L. 382.  >
À Charles Spon,
le 4 décembre 1654

Monsieur, [a][1]

Je vous ai écrit une lettre par la voie de M. Borde, [2] libraire, datée d’aujourd’hui quatre heures de soir, que ledit sieur Borde vous fera rendre, par laquelle je vous assurais de la santé de M. de Gassendi. [3] Tôt après ma lettre écrite, M. Riolan [4] m’a envoyé son garçon afin que je l’allasse voir. Il se trouvait pressé de la poitrine, nous avons accordé qu’il serait incontinent saigné. [5] Je pense que c’en est fait, c’est un grand remède pour telles oppressions.

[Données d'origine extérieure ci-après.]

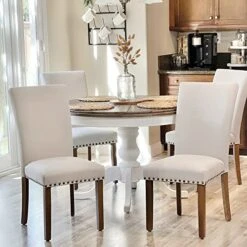 COLAMY Upholstered Parsons Dining Chairs Set Of 4, Fabric Dining Room Kitchen Side Chair With Nailhead Trim And Wood Legs - Beige -Amazon Store 51OjPOv5KNL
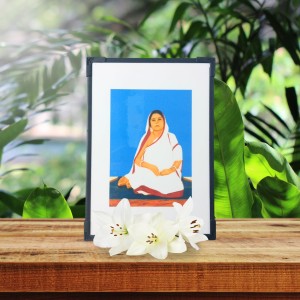 Hitech Sales Baro Maa Wooden Laminated Photo Frame with Stand for Pooja Room, Temple, Home Decor, Gift (Wallmount and Tabletop, 24 x 17 cm)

Comme j’y allais, j’ai rencontré M. Sorbière, [6] lequel m’a dit que vous lui aviez écrit, qu’il partira lundi matin, et qu’il ne manquera pas de vous voir et de vous faire mes recommandations. Reprochez-lui qu’il a eu tort de chanter des injures à M. Riolan, qui est un homme incomparable, et d’appeler notre métier Artem nugarum, etc[1] Dieu le punira et cela sera cause qu’il ne sera pas sitôt abbé comme il eût désiré, et moi aussi. M. Riolan m’a dit que demain matin partira d’ici le prince Thomas [7] pour s’en aller à Turin [8] afin de tâcher d’empêcher le mariage du duc de Savoie, [9] son neveu, avec la fille aînée du duc d’Orléans, [10] j’entends celle du premier lit, [11] laquelle est âgée de 27 ans et très riche ; et d’autres disent que c’est pour traverser le mariage du duc de Savoie avec la fille du roi d’Espagne, [2][12][13] ce qui serait pour lui un grand parti et qui est trop avantageux pour être rompu ni empêché. Le duc de Savoie veut bien donner sa sœur [14] au roi de France, mais lui ne veut point épouser la nièce du Mazarin. [15] On dit que le pape [16] se meurt ; que les cardinaux Barberins [17][18] ont levé 4 000 hommes près de Rome pour empêcher un schisme, [3] peut-être qu’ils en feront eux-mêmes un ; que le duc de Guise [19] a pris terre vers Reggio [20] dans la Calabre et que les Barberins lui pourront envoyer du secours, s’ils n’ont besoin de ces gens-là à Rome. [4] Nous avons perdu quelques troupes sur la frontière de Champagne qui ont été défaites par les gens du prince de Condé. [21] La reine de Suède [22] est toujours à Anvers, [23] elle a déclaré aux jésuites qu’elle ne se fera jamais catholique. [24][25] Je pense que c’est tout un car la religion des princes est une chose bien étrange, personata et fucata, saltem præpostera pietas[5][24][26] On croit, ou au moins l’on soupçonne quelque intelligence de Cromwell [27] avec l’Espagnol contre nous. Adieu, soyez, Monsieur, mon bon ami, je suis tout vôtre.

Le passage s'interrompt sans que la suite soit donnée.